It was odd that I identified with her difficulties and that although it may seem confusing to be faced with these emotions when she normally did not feel them I could not but think it quite normal to feel some shame. This is not to say that she should feel ashamed more that I can see how circumstances might lead to her to feeling that way.

This may seem stigmatising but let me explain. I felt it likely that she may be feeling an acute disappointment in her inability to stay in a better emotional state but not only that I felt a mixture of other emotions could also be leading to this shame. To have coped and then not would cause disappointment, but also frustration and possibly fear as when such huge emotional currents are coursing through you it can feel like the distress and upset is a wave. This wave will drag you under and out to sea and pull you in all directions and not feel like there is any escape. You may have no idea where the surface is or how to reach it and every time you feel you are getting close it is pulled away. A fear can build that you will never be released to breath and a rising panic that this may end it all, whether it is likely or not. At this point you may well make decisions to safeguard yourself and if a quick recovery is achieved they may later feel like an overreaction as the wave releases you and you surface without any ill effects.

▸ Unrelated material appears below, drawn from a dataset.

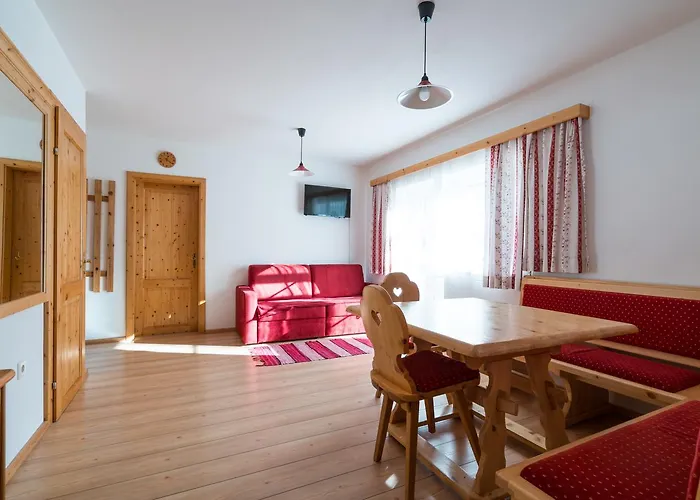 Haus Petergstamm * Obertauern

And for me if you couple the distress, the hopelessness, the fear and disappointment that led you to make such drastic decisions and then be released into what feels like normality so quickly then you may also feel humiliated which for me can lead to feelings of shame.

So to feel this shame seems quite a normal reaction to me and not one that you should hide for it is not about stigma it is about how difficult all of these emotions are to live with when you feel so acutely. I only feel that it is stigma that made it so difficult for her to admit to feeling ashamed to those who care about her. Everyone feels shame about things they do or have said, or failed to achieve from time to time it is just when it is coupled with mental health that it feels a bigger problem. 

Are we not allowed to feel ashamed from time to time because the good fight worked out not so well for a time? Would we expect that others would not feel shame for things that haven’t gone not so well in their lives, the way they handled this or that situation?
Well I certainly wouldn’t it is quite normal to feel some shame from time to time. If this was an enduring shame about needing treatment for how the person was feeling then no I would not feel it was okay but in this instance it appears not to be the case. My worry is that with so many people lambasting about stigma inducing a shame of needing help so much that normal feelings of shame are being repressed.
Stigma is certainly a problem but in this incidence it seems more about a normal reaction to everyday life occurrences and yes this one was about a serious issue to do with her mental health but it was also a very emotional time where decisions would have consequences and about consequences that didn’t come to pass and many other compounding factors in her life. 

In many ways when I listen to people speaking about how they are not ashamed I begin to worry, and my worry is that we as a group are beginning to feel that we shouldn’t feel any shame and this for some may cause problems. So many of the ardent anti-stigma campaigners are saying,

‘You should not feel ashamed of needing help/ being depressed etc’

So when we do feel shame because of something relating to our mental health issues we struggle because we have been told we do not need to feel it. Well I for do feel shame from time to time about how my recovery is going or not going, about my inability to achieve the things I want and many other things to with normal everyday life and I struggle with it, but it is normal to occasionally feel shame and it passes. But in expressing it people often jump to the conclusion that it is because of stigma and not for the any other reason and I worry that this is going to cause some problems.